**Dataset content**
________________________
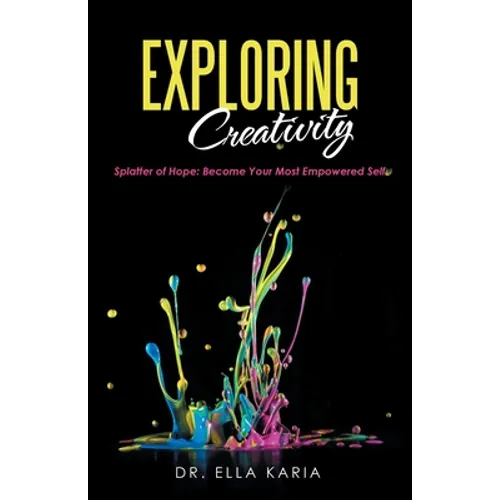 Exploring Creativity: Splatter of Hope: Become Your Most Empowered Self - Paperback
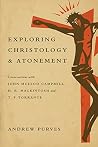 Book cover for Exploring Christology and Atonement: Conversations with John McLeod Campbell, H. R. Mackintosh and T. F. Torrance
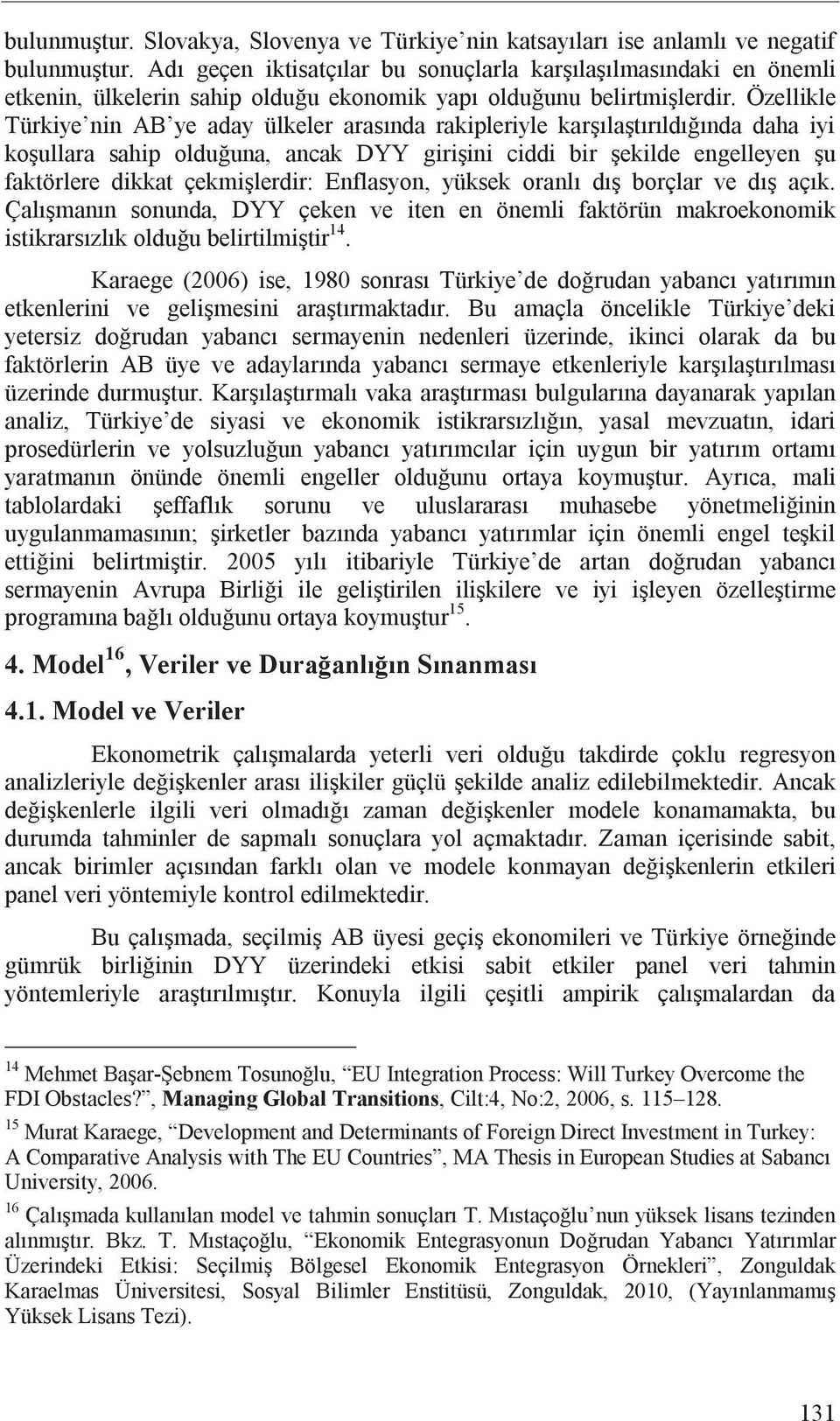 Özellikle Türkiye nin AB ye aday ülkeler aras nda rakipleriyle kar la t r ld nda daha iyi ko ullara sahip oldu una, ancak DYY giri ini ciddi bir ekilde engelleyen u faktörlere dikkat çekmi lerdir:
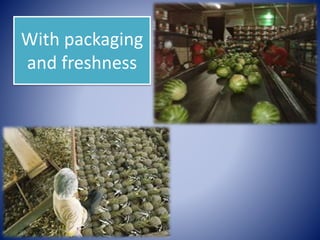 With packaging
and freshness
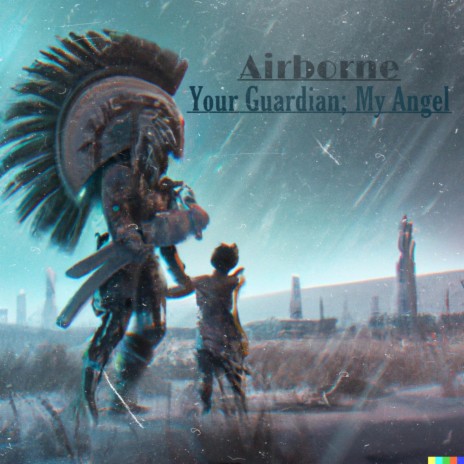Your Guardian, My Angel | Boomplay Music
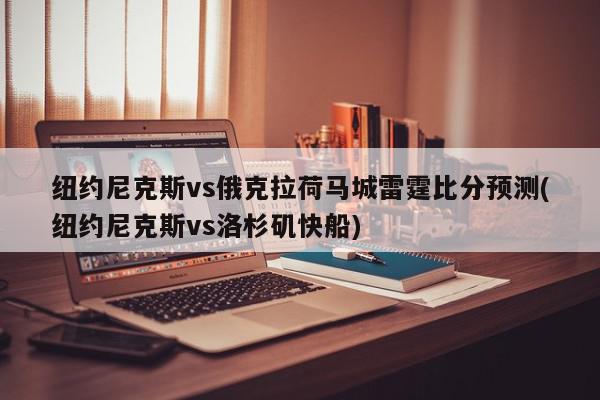 纽约尼克斯vs俄克拉荷马城雷霆比分预测(纽约尼克斯vs洛杉矶快船)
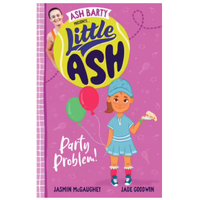 Little Ash Series: Book 6 - Party Problem! (Paperback)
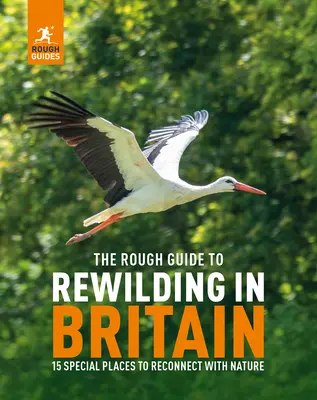 The Rough Guide to Rewilding in Britain: 15 különleges hely, ahol újra kapcsolatba kerülhetünk a természettel: 20 különleges hely, ahol újra kapcsolatba kerülhetünk a természettel - The Rough Guide to Rewilding in Britain: 15 Special Places to Reconnect with Nature: 20 Special Places to Reconnect with Nature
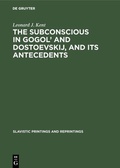 Cover: The subconscious in Gogol' and Dostoevskij, and its antecedents - De Gruyter Mouton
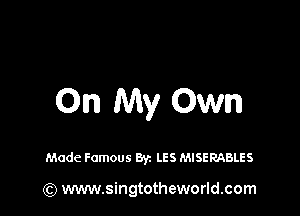 On My Own

Made Famous Byz LES MISERABLES

(Q www.singtotheworld.com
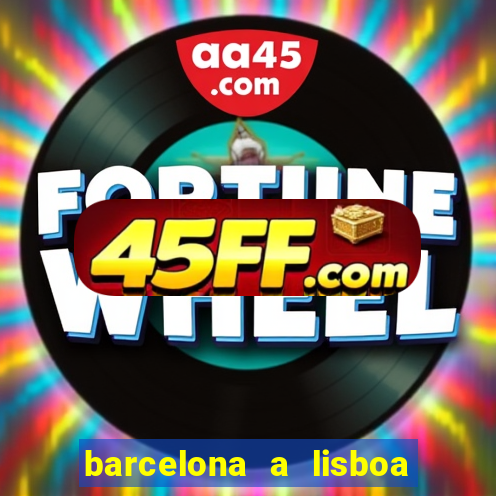 barcelona a lisboa de trem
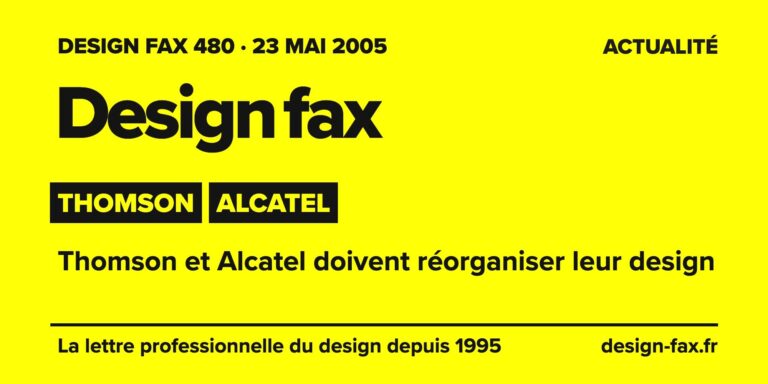 Design fax n° 480 – Thomson, Alcatel – Thomson et Alcatel doivent réorganiser leur design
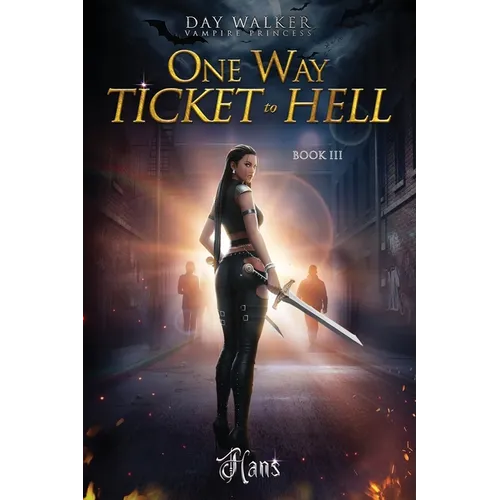 Daywalker Vampire Princess Book 3 One Way Ticket to Hell - Paperback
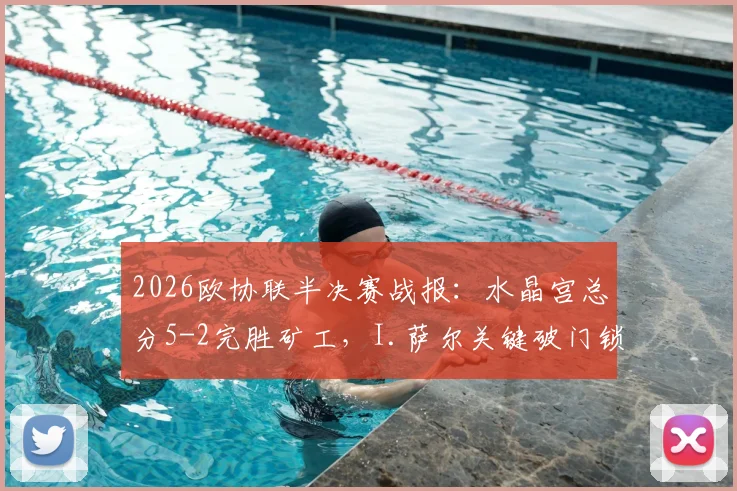 2026欧协联半决赛战报:水晶宫总分5-2完胜矿工,I.萨尔关键破门锁定决赛席位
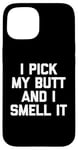 Coque pour iPhone 15 I Pick My Butt & I Smell It – Inscription amusante sarcastique fantaisie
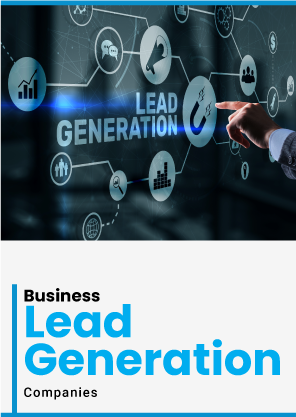 Benefits of Partnering with Business Lead Generation Companies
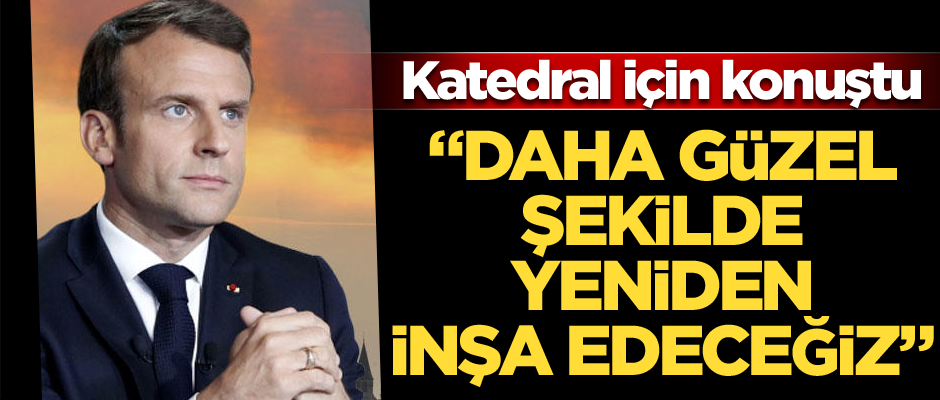 Macron: Daha güzel şekilde yeniden inşa edeceğiz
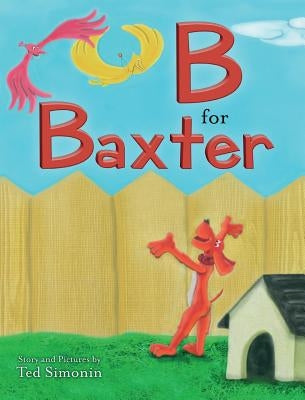 B for Baxter by Simonin, Ted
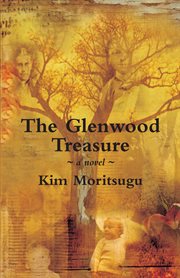 The Glenwood treasure: a novel cover image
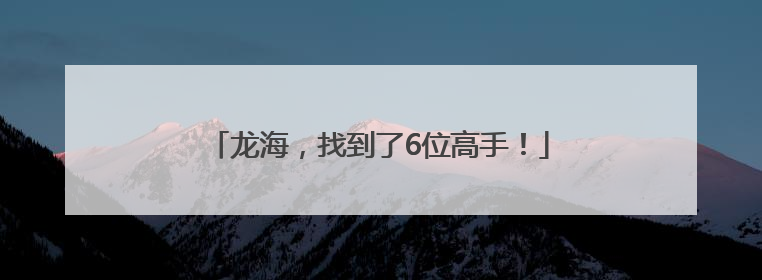龙海，找到了6位高手！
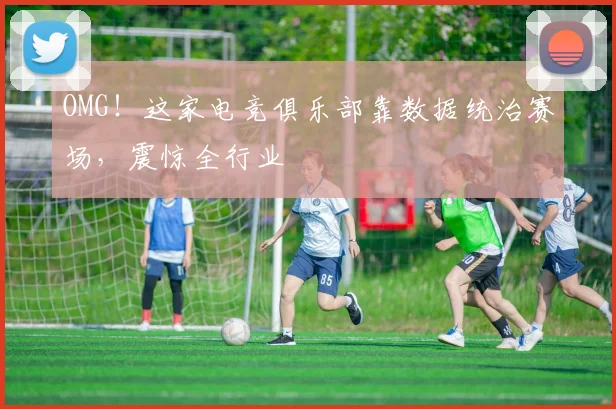 OMG!这家电竞俱乐部靠数据统治赛场,震惊全行业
________________________
**What you need to do**
In the listing above, find the line containing "Little Ash Series: Book" and the line containing "The Rough Guide to Rewilding in Britain: 15 különleges", then return both of them and every line between, exactly, without pictures.

**Exercise output**
 Little Ash Series: Book 6 - Party Problem! (Paperback)
 The Rough Guide to Rewilding in Britain: 15 különleges hely, ahol újra kapcsolatba kerülhetünk a természettel: 20 különleges hely, ahol újra kapcsolatba kerülhetünk a természettel - The Rough Guide to Rewilding in Britain: 15 Special Places to Reconnect with Nature: 20 Special Places to Reconnect with Nature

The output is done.